**How to complete this task**
Output all entries precisely and leave out the pictures.

[Data records — start]

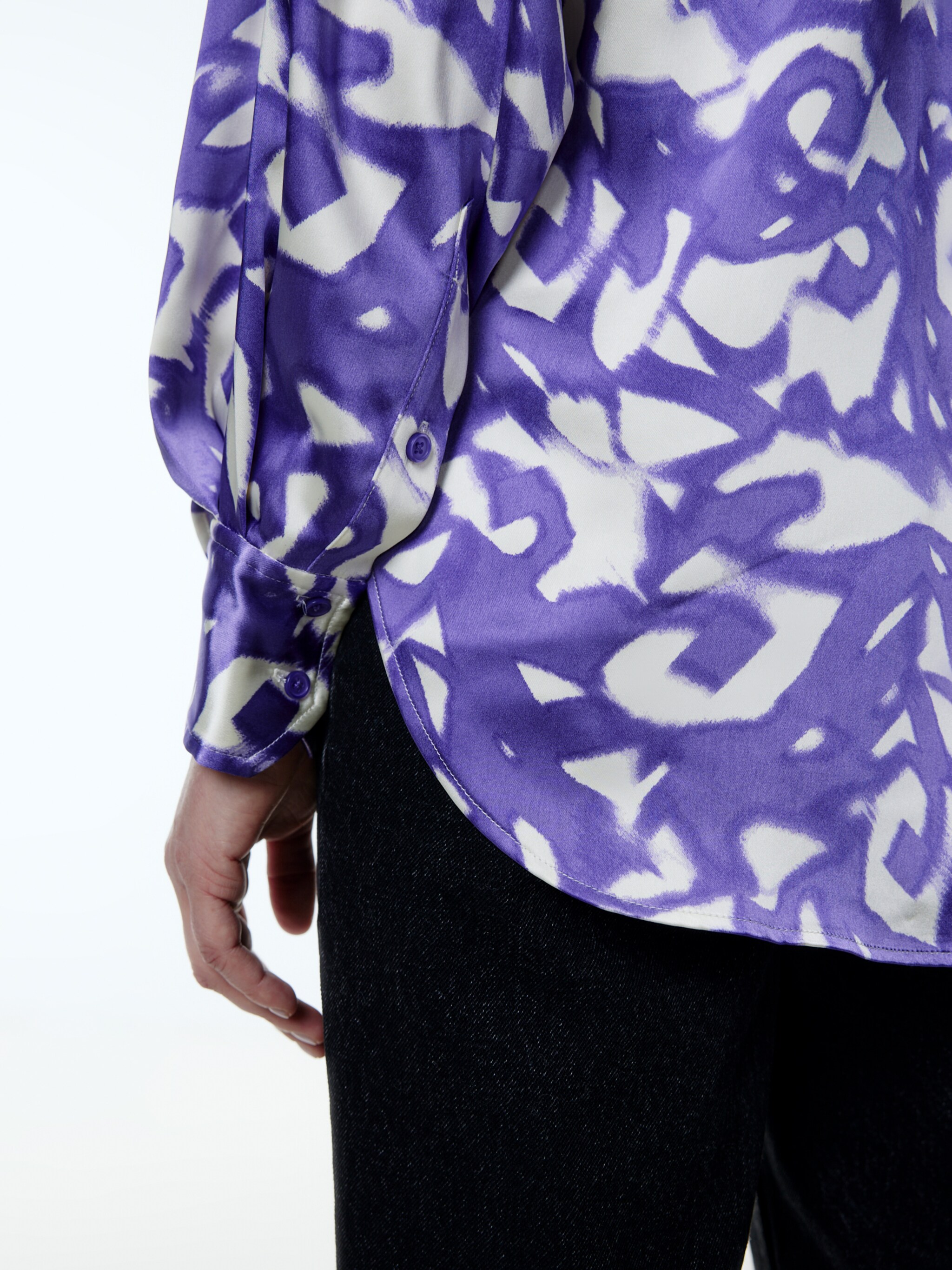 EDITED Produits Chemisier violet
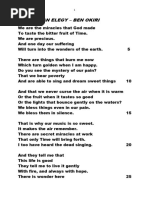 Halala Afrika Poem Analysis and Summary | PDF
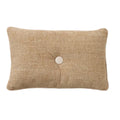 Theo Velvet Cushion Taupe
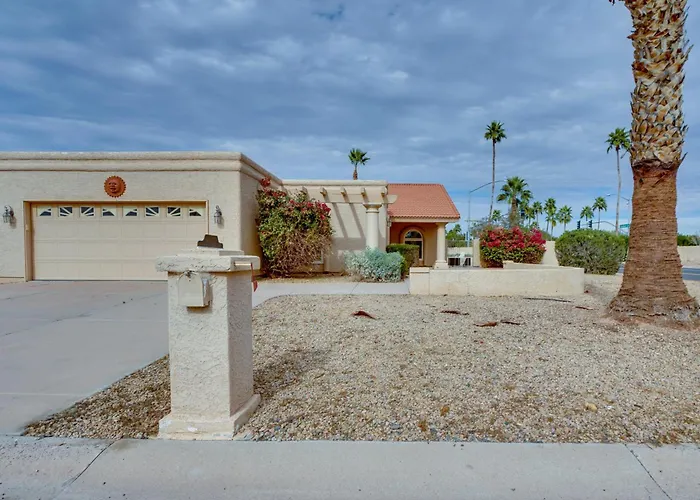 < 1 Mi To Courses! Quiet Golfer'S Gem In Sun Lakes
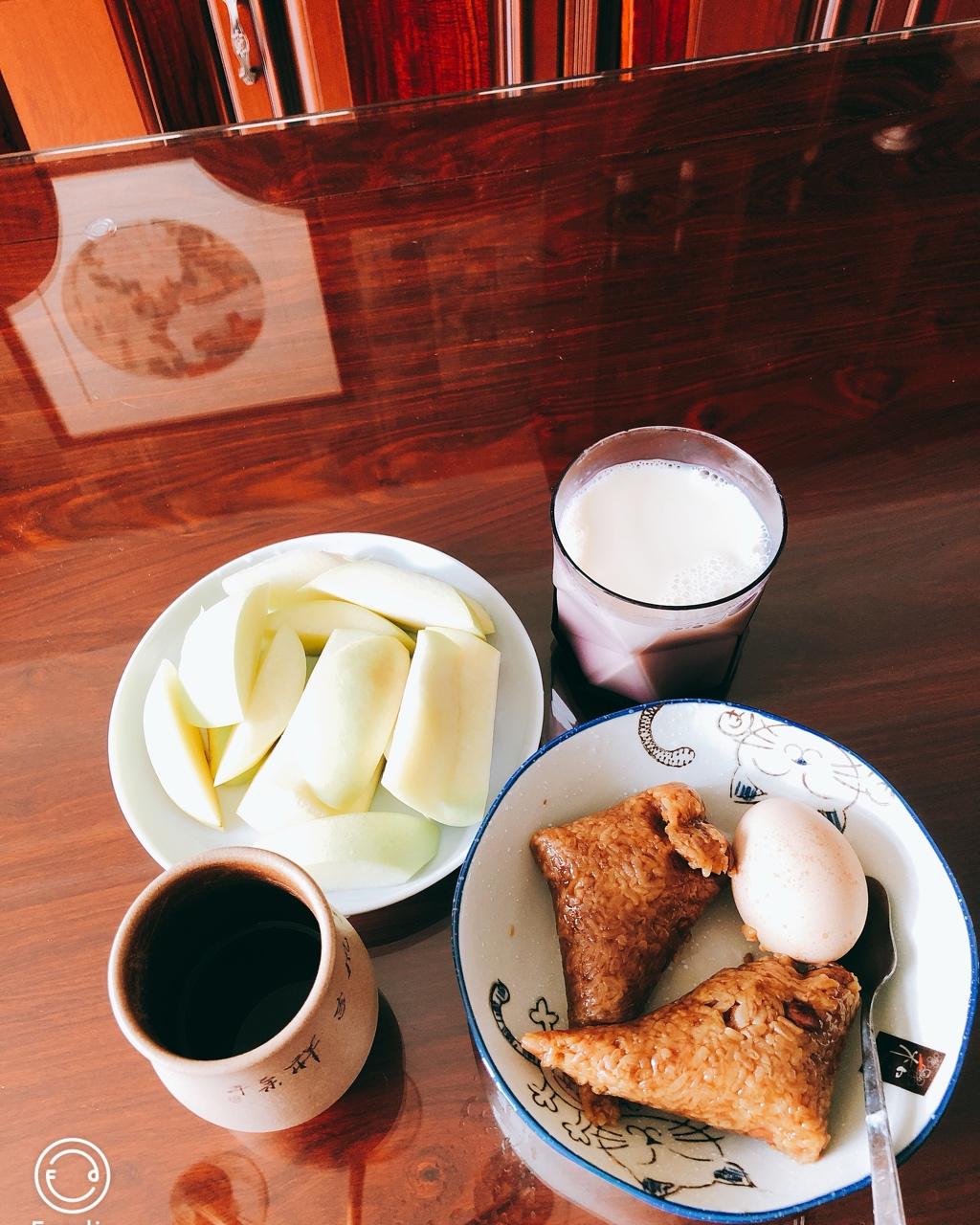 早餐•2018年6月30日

[Data records — finish]

**Exercise response**
 EDITED Produits Chemisier violet
 Halala Afrika Poem Analysis and Summary | PDF
 Theo Velvet Cushion Taupe
 < 1 Mi To Courses! Quiet Golfer'S Gem In Sun Lakes
 早餐•2018年6月30日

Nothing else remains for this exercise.